22 de janeiro de 2018 - 16h57

No primeiro grande negócio do setor de alimentação de 2018, a Nestlé anunciou na semana passada a venda de sua unidade de chocolates nos Estados Unidos para a Ferrero, por US$ 2,8 bilhões.

Com um portfólio muito mais vasto de produtos do que a companhia italiana (especializada em doces e confeitos), a gigante suíça justificou a transação pela má performance da divisão negociada no mercado americano, no qual é a quarta colocada em termos de participação de mercado, com 8,3% de share, atrás das concorrentes Hershey, Mars e Lindt.

Curioso é que quando se olha o desempenho global da Nestlé em chocolates, o resultado não é tão diferente: internacionalmente, a empresa tem apenas a terceira maior fatia do mercado, atrás de Mars e Mondelez, com market share de 9,6%, pouco superior ao registrado nos Estados Unidos.

Com base nessas estatísticas e em movimentações anteriores, analistas do setor alimentício afirmam que a decisão da Nestlé tem muito mais a ver com uma linha estratégica de atuação em termos de foco num portfólio de produtos mais saudáveis do que com uma lógica simplesmente financeira. Em dezembro, os suíços adquiriram a fabricante de vitaminas Atrium Innovations, por US$ 2,3 bilhões. É um segmento em rápido crescimento, de muito valor agregado e atraentes margens de lucros.

A Nestlé não está sozinha nesse caminho. PepsiCo, General Mills, Kraft-Heinz e mesmo a Ambev e a Coca-Cola têm feito aquisições sob essa perspectiva e revisto as categorias de seus produtos e o posicionamento de suas marcas, sempre de olho nos passos de sua majestade, o cliente.

Assim como obriga gigantes desse porte a revisitarem seu próprio propósito de existência — sob o risco de deixarem no passado seus melhores dias — o consumidor também tem determinado os rumos da indústria da comunicação.
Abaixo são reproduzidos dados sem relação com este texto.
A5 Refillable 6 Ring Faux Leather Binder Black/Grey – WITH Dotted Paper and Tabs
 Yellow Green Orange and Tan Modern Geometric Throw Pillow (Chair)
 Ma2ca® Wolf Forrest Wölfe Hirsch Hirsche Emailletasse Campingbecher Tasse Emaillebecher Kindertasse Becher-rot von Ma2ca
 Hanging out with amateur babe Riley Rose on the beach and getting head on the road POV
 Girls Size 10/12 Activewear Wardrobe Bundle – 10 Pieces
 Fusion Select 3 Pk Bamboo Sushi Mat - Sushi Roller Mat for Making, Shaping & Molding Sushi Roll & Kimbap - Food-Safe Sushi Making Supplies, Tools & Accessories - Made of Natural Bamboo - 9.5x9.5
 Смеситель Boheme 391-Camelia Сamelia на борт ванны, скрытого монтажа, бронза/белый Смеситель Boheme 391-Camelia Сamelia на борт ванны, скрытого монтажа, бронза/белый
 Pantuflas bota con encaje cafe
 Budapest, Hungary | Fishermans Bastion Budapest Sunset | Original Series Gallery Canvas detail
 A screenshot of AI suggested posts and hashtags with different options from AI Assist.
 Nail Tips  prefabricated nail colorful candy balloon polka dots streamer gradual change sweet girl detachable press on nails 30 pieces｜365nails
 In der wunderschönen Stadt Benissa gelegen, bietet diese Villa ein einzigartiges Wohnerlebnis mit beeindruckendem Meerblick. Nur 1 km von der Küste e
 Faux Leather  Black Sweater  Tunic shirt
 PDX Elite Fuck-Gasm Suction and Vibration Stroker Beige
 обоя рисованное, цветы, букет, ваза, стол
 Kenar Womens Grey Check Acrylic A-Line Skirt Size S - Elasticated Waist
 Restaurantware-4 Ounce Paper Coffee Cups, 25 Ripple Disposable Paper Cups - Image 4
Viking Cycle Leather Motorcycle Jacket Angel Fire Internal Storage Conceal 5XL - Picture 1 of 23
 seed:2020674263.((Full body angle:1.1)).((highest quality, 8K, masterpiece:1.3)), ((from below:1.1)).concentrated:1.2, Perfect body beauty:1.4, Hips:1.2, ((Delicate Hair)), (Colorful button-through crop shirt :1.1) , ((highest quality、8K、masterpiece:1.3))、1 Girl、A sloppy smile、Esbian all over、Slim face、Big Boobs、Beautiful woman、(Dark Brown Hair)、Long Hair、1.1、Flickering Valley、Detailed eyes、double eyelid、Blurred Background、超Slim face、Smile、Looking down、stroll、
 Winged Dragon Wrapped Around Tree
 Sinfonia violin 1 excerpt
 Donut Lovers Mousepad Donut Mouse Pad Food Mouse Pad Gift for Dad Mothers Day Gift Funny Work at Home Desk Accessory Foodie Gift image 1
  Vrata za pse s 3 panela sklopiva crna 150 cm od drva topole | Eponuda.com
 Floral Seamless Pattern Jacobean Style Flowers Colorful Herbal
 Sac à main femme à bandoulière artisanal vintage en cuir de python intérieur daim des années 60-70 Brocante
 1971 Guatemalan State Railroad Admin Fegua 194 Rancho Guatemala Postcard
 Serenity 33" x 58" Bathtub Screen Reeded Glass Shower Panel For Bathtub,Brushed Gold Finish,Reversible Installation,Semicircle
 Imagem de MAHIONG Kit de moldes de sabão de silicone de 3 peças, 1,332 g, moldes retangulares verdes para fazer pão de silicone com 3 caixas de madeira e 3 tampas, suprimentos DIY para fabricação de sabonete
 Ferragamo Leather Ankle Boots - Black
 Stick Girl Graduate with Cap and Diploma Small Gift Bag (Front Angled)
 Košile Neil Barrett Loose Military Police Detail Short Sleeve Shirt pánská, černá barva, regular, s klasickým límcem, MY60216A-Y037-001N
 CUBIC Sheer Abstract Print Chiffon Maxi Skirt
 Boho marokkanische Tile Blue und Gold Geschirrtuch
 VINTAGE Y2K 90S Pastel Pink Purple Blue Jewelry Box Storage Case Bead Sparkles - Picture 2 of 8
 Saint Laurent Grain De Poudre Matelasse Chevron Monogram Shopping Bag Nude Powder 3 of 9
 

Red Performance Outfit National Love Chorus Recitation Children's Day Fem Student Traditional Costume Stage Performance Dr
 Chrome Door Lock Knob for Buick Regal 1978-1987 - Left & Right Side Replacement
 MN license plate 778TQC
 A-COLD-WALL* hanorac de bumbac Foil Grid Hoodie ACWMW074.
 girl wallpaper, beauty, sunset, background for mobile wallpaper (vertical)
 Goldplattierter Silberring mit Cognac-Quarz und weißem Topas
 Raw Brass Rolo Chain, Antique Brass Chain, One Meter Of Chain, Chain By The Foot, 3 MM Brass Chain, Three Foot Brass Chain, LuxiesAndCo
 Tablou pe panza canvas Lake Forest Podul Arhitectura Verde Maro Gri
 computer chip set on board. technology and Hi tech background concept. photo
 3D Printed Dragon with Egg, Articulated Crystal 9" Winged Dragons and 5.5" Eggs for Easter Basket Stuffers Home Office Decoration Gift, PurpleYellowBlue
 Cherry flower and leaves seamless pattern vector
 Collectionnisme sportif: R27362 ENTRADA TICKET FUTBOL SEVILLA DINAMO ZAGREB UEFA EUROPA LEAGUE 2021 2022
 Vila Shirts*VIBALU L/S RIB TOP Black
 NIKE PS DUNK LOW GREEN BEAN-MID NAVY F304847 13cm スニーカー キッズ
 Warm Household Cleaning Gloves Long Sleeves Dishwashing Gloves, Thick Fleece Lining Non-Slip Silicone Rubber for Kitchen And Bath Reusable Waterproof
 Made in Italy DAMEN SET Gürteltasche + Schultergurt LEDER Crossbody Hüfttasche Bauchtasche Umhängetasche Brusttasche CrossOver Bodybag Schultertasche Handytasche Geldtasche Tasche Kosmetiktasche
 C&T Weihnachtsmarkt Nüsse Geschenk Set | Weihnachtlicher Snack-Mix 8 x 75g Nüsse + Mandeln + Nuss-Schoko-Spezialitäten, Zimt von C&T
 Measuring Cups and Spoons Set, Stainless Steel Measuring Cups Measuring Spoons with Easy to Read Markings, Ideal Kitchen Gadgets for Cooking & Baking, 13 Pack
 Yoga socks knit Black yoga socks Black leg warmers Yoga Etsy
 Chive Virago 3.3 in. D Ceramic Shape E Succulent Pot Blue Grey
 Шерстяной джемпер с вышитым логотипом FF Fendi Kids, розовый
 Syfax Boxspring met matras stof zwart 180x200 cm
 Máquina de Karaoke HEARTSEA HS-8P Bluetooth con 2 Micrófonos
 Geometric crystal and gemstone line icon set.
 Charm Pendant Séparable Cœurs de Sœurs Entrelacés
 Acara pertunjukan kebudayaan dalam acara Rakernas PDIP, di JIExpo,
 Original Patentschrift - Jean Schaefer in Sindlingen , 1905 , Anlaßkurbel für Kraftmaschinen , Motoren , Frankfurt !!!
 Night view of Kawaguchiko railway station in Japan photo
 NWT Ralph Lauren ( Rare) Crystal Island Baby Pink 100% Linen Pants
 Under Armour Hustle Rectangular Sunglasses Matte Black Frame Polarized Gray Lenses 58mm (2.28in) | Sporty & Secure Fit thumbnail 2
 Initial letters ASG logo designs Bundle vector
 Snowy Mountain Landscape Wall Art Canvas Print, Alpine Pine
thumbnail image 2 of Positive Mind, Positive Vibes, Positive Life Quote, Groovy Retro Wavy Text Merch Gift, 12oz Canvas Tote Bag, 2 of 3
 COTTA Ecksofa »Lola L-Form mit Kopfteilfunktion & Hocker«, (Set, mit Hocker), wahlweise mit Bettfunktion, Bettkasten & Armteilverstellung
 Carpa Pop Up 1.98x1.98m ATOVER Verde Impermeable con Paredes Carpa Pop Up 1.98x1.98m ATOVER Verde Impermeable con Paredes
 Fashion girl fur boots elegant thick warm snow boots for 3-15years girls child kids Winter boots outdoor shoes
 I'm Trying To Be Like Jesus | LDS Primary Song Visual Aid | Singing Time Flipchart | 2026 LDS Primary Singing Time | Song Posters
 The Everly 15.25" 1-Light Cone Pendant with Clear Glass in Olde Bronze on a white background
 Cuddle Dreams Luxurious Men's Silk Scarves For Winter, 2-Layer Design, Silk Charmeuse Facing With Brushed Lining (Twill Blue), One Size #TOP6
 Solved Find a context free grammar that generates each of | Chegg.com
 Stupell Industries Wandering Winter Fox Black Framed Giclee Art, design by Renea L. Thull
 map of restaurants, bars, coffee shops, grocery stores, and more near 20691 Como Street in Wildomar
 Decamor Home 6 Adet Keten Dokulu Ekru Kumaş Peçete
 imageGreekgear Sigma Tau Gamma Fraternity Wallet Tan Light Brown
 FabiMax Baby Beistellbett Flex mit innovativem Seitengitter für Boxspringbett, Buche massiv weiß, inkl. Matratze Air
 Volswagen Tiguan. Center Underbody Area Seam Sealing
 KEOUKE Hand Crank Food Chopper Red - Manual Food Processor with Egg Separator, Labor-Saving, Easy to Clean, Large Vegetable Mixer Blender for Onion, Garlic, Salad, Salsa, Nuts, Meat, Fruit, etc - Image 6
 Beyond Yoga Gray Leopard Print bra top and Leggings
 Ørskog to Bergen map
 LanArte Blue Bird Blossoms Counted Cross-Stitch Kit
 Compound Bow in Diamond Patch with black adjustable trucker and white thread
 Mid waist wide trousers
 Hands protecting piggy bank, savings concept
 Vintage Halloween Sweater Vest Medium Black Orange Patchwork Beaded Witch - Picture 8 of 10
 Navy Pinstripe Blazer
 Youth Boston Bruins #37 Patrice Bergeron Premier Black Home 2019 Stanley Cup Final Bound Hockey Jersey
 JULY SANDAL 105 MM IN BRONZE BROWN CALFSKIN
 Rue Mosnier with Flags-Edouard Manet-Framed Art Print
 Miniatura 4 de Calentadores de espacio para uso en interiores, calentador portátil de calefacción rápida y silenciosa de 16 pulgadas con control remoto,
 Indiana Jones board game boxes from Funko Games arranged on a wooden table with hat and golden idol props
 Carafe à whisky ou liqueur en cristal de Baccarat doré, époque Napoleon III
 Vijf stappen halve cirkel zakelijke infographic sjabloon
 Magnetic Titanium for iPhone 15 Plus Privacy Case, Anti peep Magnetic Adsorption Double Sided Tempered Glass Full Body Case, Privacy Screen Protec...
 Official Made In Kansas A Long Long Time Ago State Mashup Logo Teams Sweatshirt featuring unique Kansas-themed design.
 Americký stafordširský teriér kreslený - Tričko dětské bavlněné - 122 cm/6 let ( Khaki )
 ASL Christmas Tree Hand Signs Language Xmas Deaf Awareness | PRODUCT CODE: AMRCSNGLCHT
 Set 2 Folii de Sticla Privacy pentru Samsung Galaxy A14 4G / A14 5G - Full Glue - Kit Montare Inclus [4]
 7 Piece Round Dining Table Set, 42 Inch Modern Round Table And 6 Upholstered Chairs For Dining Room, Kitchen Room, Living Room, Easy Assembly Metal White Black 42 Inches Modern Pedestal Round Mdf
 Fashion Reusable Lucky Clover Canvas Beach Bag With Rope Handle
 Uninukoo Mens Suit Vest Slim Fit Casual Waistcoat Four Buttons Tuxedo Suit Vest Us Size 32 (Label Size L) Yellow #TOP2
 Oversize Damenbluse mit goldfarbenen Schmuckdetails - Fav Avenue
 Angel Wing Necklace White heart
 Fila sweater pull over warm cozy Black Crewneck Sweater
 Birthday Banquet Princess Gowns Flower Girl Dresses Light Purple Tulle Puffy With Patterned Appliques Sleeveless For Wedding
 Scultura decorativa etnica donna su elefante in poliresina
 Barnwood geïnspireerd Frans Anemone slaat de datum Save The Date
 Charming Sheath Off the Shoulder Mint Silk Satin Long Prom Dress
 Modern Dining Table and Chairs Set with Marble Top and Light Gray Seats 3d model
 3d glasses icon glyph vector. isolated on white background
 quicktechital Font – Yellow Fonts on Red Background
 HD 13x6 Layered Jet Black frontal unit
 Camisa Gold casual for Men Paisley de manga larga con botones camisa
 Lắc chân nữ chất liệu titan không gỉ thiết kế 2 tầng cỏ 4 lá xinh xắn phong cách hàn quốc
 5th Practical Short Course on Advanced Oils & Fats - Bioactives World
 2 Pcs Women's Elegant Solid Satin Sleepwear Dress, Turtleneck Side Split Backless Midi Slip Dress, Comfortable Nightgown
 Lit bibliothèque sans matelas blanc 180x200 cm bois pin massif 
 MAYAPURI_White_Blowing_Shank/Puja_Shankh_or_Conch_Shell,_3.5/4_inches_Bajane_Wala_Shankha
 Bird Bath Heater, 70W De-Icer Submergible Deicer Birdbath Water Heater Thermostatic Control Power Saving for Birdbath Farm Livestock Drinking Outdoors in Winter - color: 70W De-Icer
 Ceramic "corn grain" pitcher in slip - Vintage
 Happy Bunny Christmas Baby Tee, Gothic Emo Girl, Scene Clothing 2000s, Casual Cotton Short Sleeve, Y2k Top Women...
Dois dias antes de a Nestlé confirmar oficialmente o negócio com a Ferrero, o cultuado e quase bicentenário The Guardian anunciou o novo tamanho de sua versão impressa, que passou a ser um tabloide. Foi a segunda mudança em pouco mais de uma década: em 2005, o jornal adotou o formato Berliner, uma opção que acabou custando milhões aos cofres da empresa — o Guardian era o único jornal britânico de grande circulação a imprimir suas páginas com tais medidas, demandando, assim, gráficas exclusivas para suas tiragens.

Nunca houve um tempo mais rico em oportunidades e propício para experimentação. Só não é permitido ficar preso ao passado, esperando pela volta dos anos dourados

De acordo com a editora-chefe do Guardian News and Media, Katharine Viner, a mudança de formato será vital para que a empresa se torne financeiramente sustentável, em meio ao processo de equilibrar as contas diante da nova realidade para as empresas de mídia, em que o dinheiro proveniente de assinaturas deve se tornar uma receita tão atraente ou mais do que o investimento dos anunciantes.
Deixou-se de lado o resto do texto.